New clues reveal more of Matthew Flinders

Letters and books from Captain Matthew Flinders have been recently donated to the National Archives of Australia, which Flinders University historian Dr Gillian Dooley says highlights “two sides of Matthew Flinders”.

One of Matthew Flinders many journal entries.

On the eve of Flinders’ birthday (16 March 1774), these items provide valuable fresh insight into Flinders’ curious nature and character – especially Flinders’ copy of British editor John Hawkesworth’s 1773 collection of accounts of four voyages to the Southern Hemisphere, which included James Cook’s observations of longitude along the east coast of Australia.

“Interestingly, Flinders recorded his corrections to Cook’s observations in the book’s margins, explaining in a later memoir that Cook was working with less sophisticated equipment 30 years earlier. But he was uneasy about it,” Dr Dooley says.
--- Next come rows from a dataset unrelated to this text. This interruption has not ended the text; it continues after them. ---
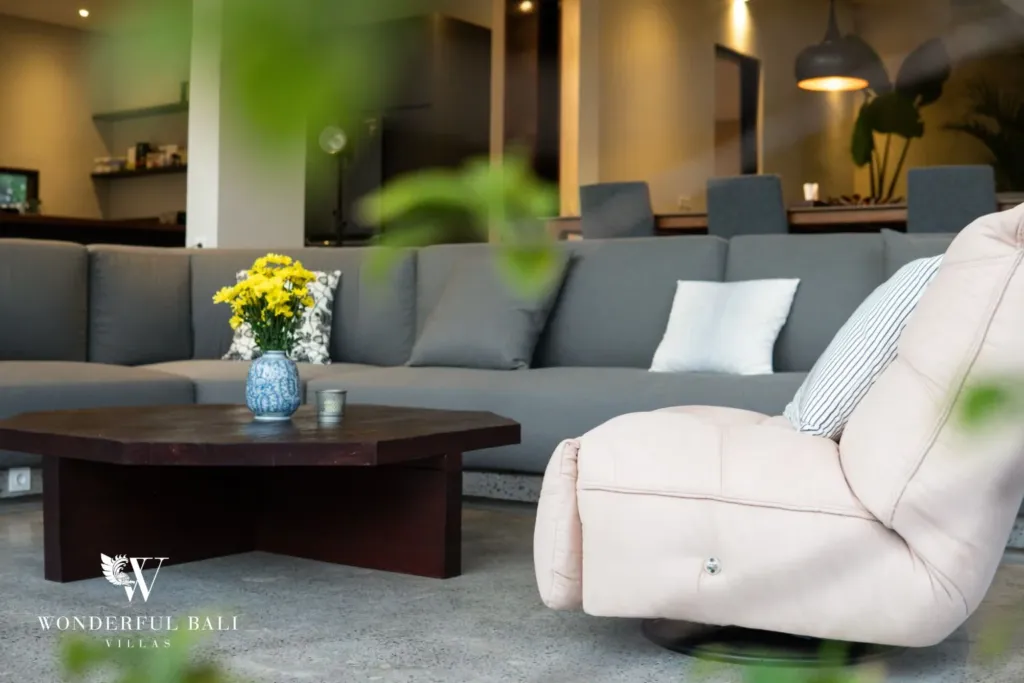 4BR villa for rent in Seminyak — living room, sectional sofa and armchair around a timber table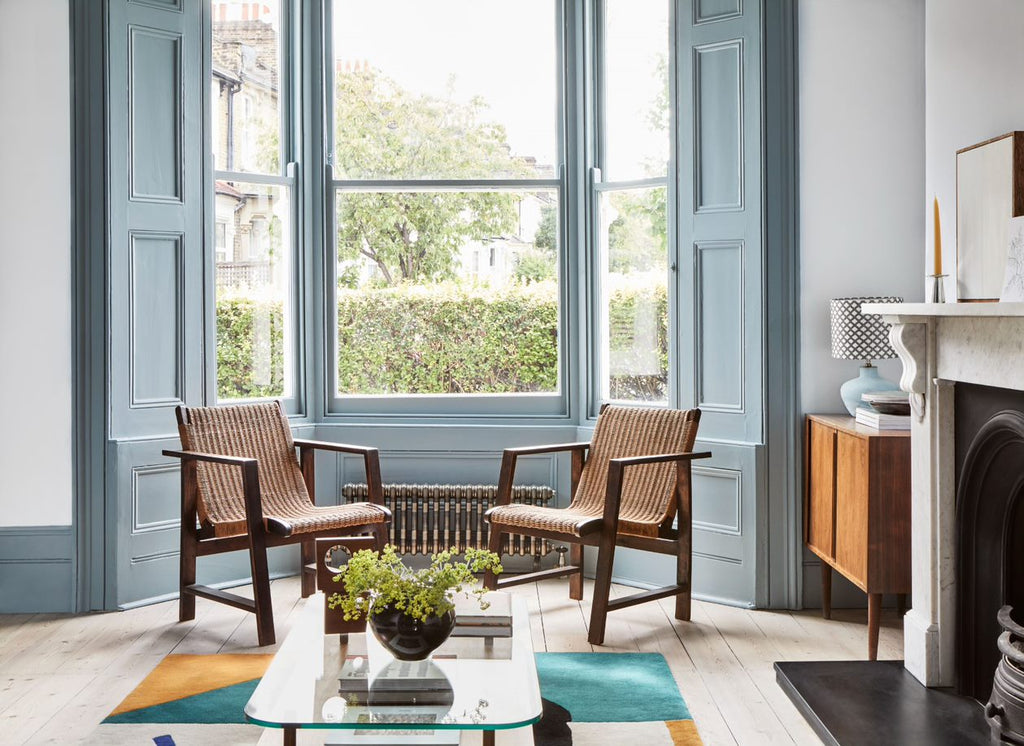 a living room with open windows, chairs, and small table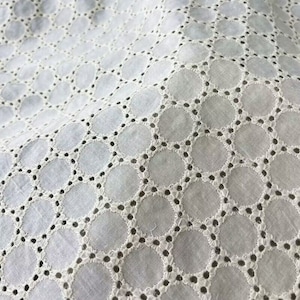 Puede incluir: Tela de algodón blanca con un delicado patrón repetitivo de pequeños círculos. Los círculos están delineados con un hilo blanco y tienen un pequeño agujero en el centro.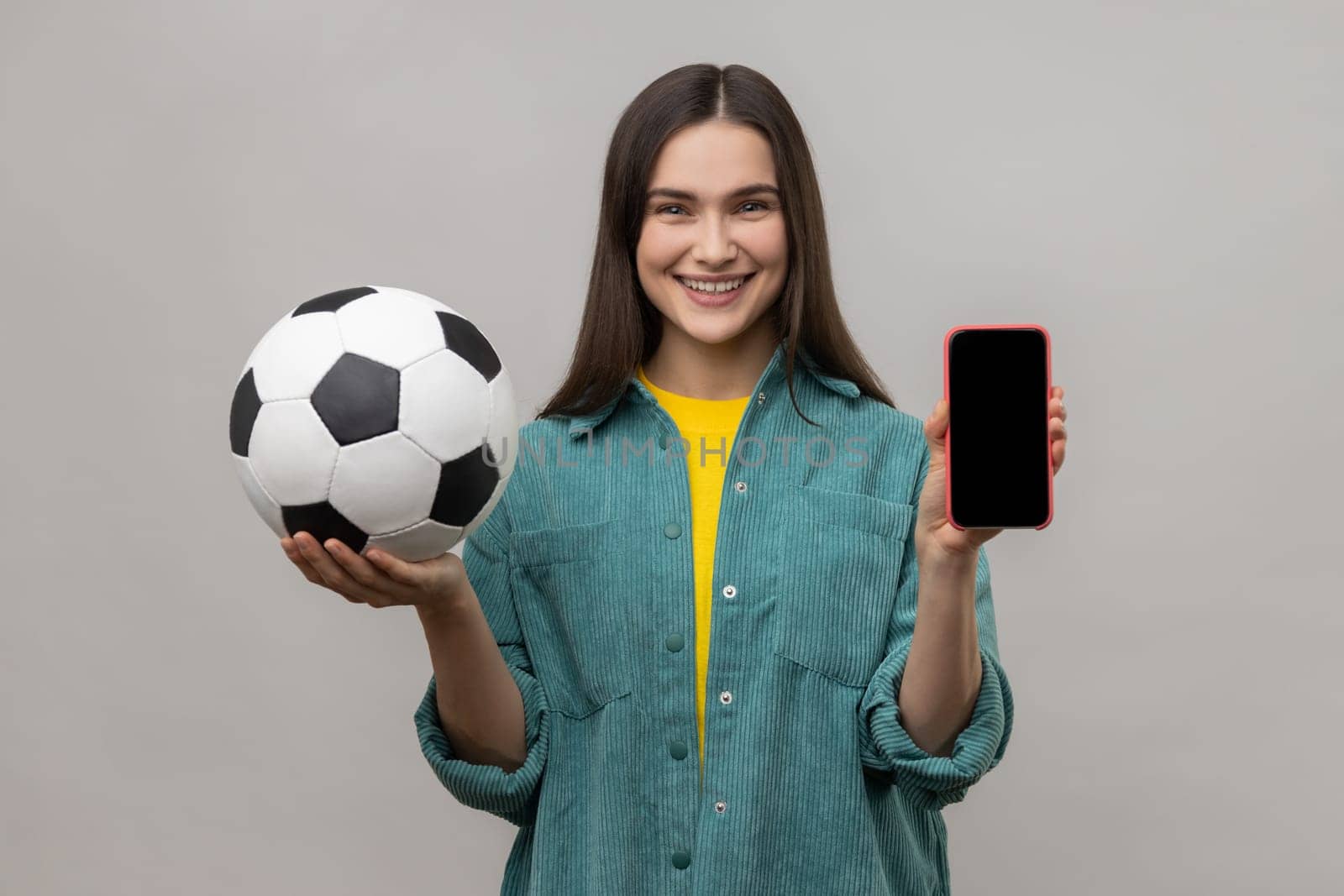 Woman with dark hair holding and showing blank display smartphone and football ball. by Khosro1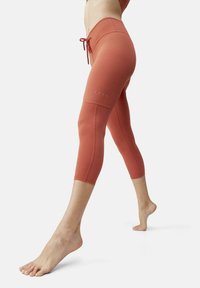 Tette, knelengde leggings i korallfarge, med snor i livet, glatt tekstur og subtile reflekterende detaljer på låret.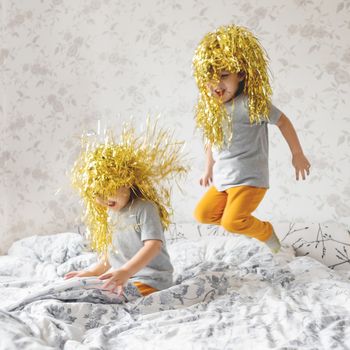 Twin brothers in bright yellow wigs jump on bed. Morning fun in cozy home. Funny children in colorful holiday wigs. Photocollage.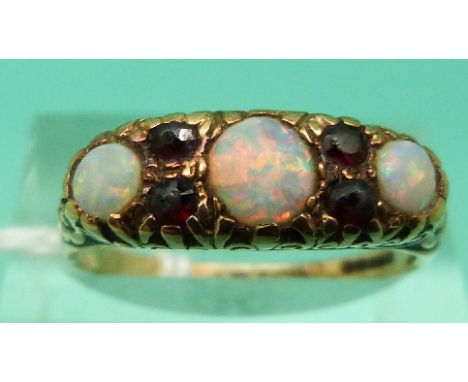 A 9ct gold ring set with opals and garnets (Size Q)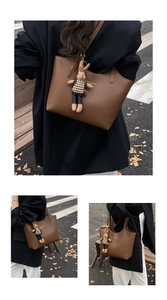 Detailed macro view of dark brown leather tote bag with rabbit charm and gold lettering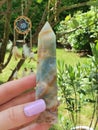 AQUAMARINE OBELISK SHAPED STONE ROCK NATURE BROWN TURQUISE BLUE LIGHT Royalty Free Stock Photo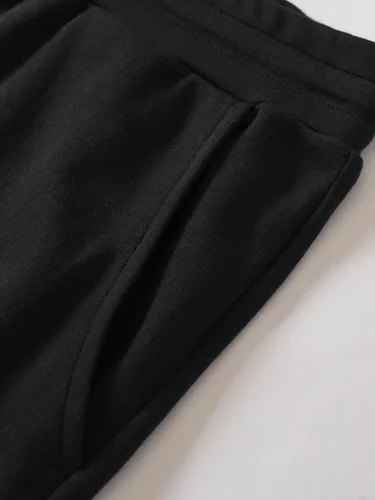 Vista 4 de Weintee Pantalones de punto con cordón y bolsillos para mujer de talla grande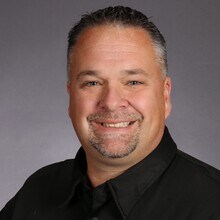 John Tragiai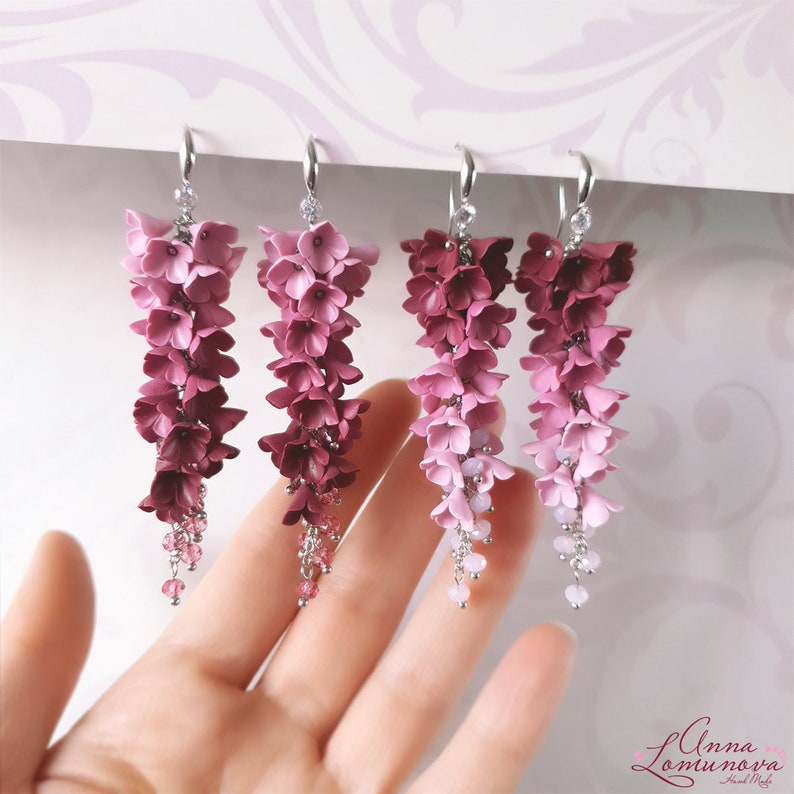 May include: Four pairs of dangle earrings with a gradient of pink and burgundy flowers. The earrings are made of polymer clay and have silver hooks.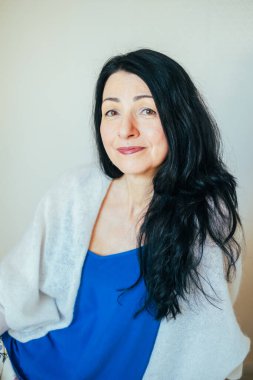Kendinden emin orta yaşlı bir kadın, ışıl ışıl gülümseyen, mavi elbiseli, menopoza girmiş. Kadınların orta yaş refahı ve duygusal açıdan zor zamanları için mükemmel. Yüksek kalite fotoğraf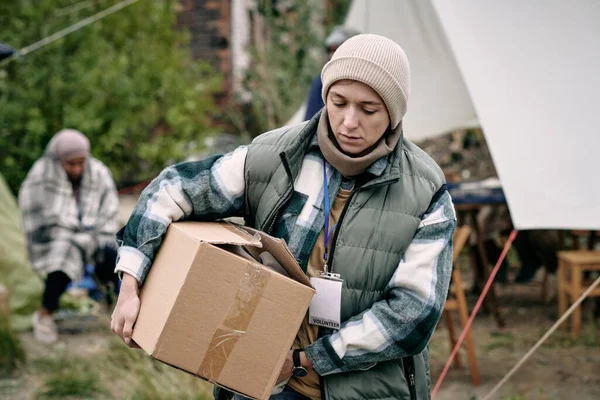 Młoda kobieta niosąca pudełko z ubraniami dla uchodźców — Zdjęcie stockowe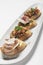 Pinchos tapas with jamon serrano and bruschetta on white background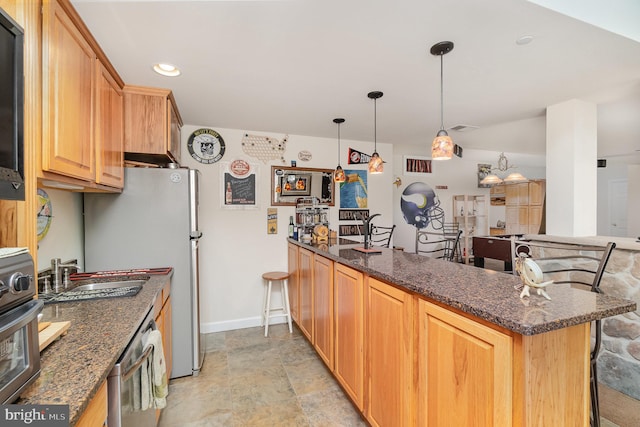 kitchen featuring oven, dark stone countertops, decorative light fixtures, and sink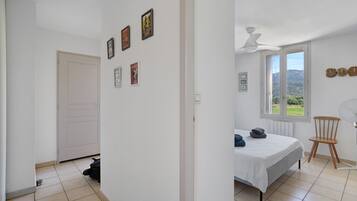 Een slaapkamer met een bed, een stoel, een raam met uitzicht en een plafondventilator.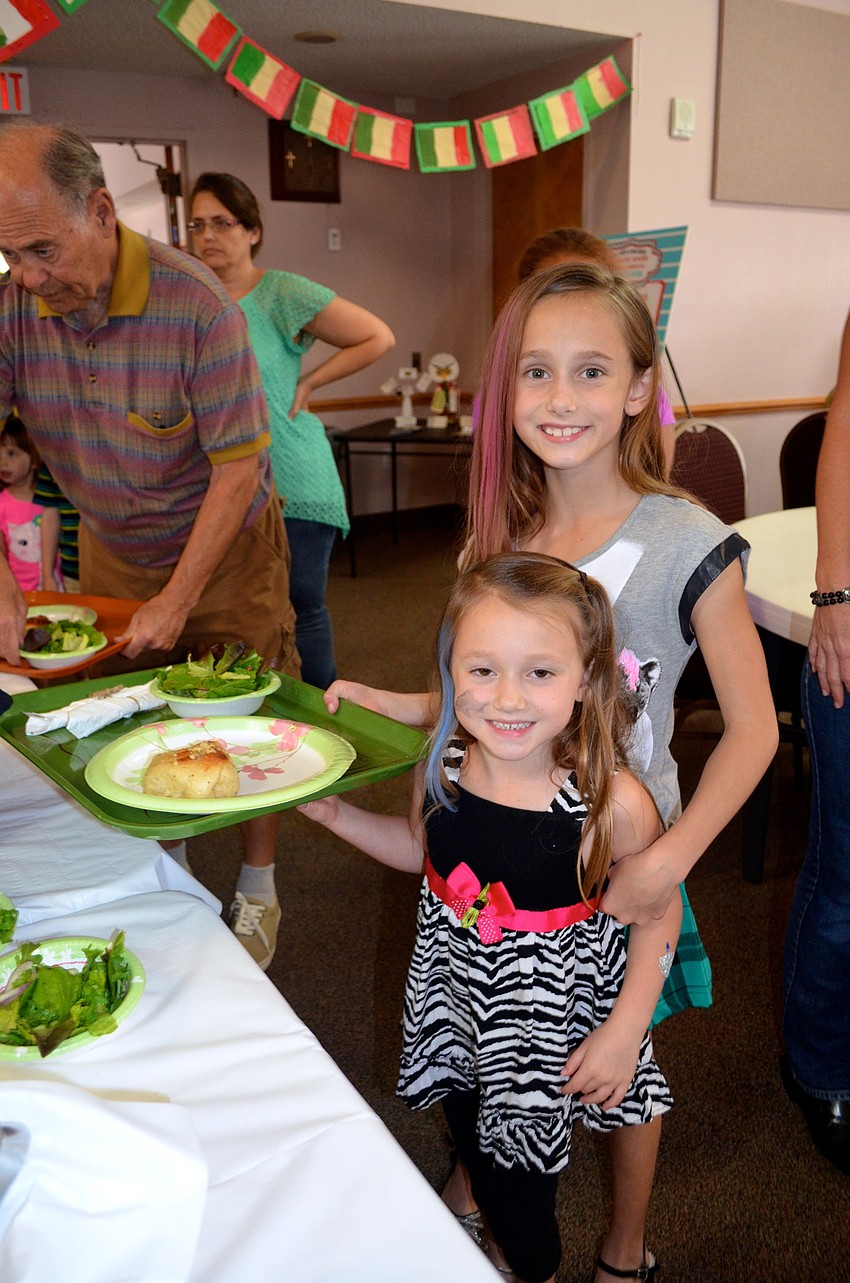 Sisters Corin and Camilla Mohammadhoy pick out their dinner items.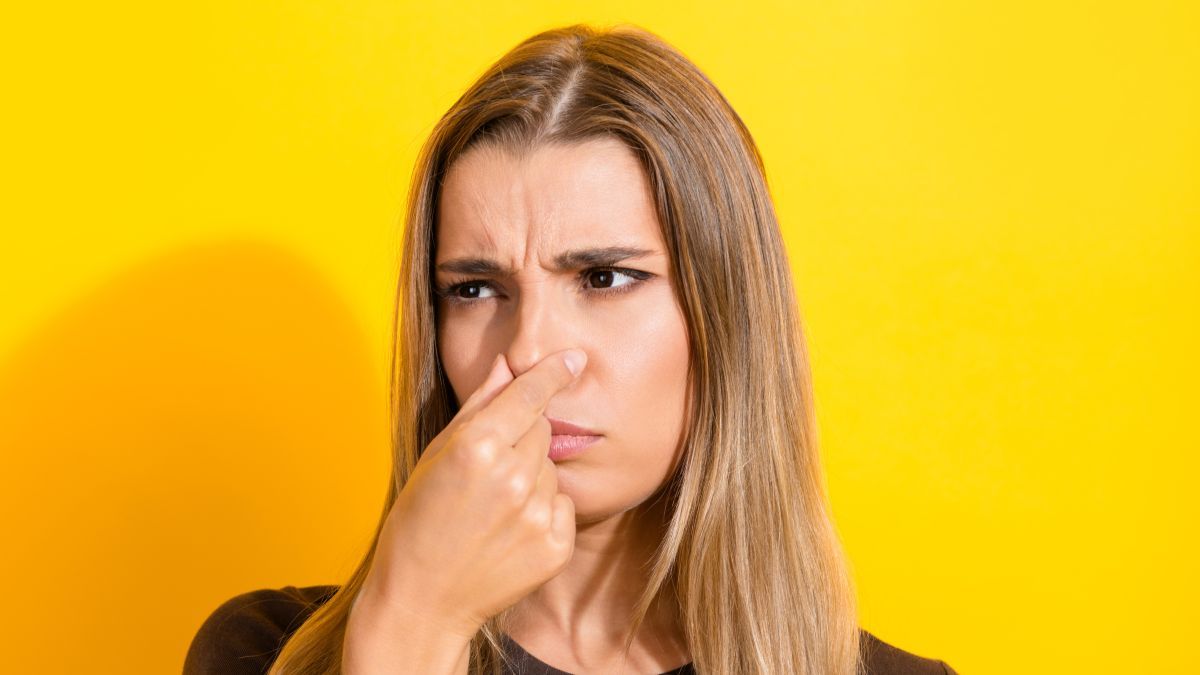 Woman smelling something bad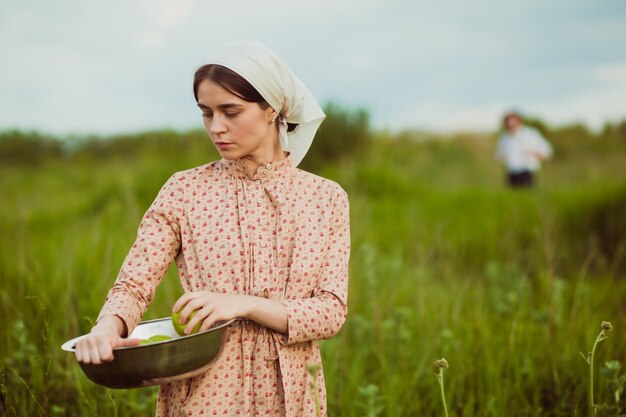 La mujer del pañuelo con manzanas contra el prado verde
A painting of Matthew Flinders’ wife Ann and Isabella (both seated), who both wrote letters to Naval officer Flinders while he was at sea.

“He wrote, ‘If the corrections shall be found to approximate to the truth I shall be excused; if it should prove otherwise, I shall never excuse myself.’

“He also noted some words from the language of the First Australians in King George Sound in Western Australia, alongside Cook’s vocabulary from the east coast, demonstrating his awareness (also noted in his ship’s log) of the differences in the Australian languages.”

Another item to join the National Archives collection is a letter Captain Flinders wrote to his wife Ann’s teenage half-sister, Isabella, in April 1801, shortly after Flinders’ marriage.

“Isabella, or Belle, was much younger than Ann and when Flinders left England in July 1801, she was there to see him off,” notes Dr Dooley, author of Matthew Flinders: The Man Behind the Map.

“Isabella recalled the day in a later memoir: noting his uniform, ‘his cocked hat put slightly over one eye – his sword by his side – did he not look handsome?’

“This newly discovered letter shows that Flinders already had an affectionate and sometimes combative relationship with his teenage sister-in-law.

Flinders statue at the entrance to Flinders University

“These two items show the conscientious scientist, aware of his responsibilities to science and to posterity, alongside the affectionate family man who, while deeply in love with his wife, had a close and playful relationship with his in-laws.”

Belle wrote another letter to Flinders in 1810. Ann was still upset and missing him, but, Belle says, ‘for my part, if I were ever sure my husband would be taken abroad, and confined there for nine, or 10 years, I would marry tomorrow.’

Isabella never married, and lived with Ann throughout her long widowhood after Matthew Flinders’ premature death in Mauritius on July 1814.

Later buried at St James’s cemetery in London, Flinders’ remains were unearthed during an archaeological excavation preceding a major new railway development in January 2019 and his final resting place is due to be his birthplace Donington in Lincolnshire, England, in July 2024.

The Flinders Ranges, Flinders University, Flinders Chase are just a few of the important South Australian places named after the English explorer. Flinders’ and Baudin’s maritime explorations and detailed charts supported European settlement of the southern and western colonies of Australia.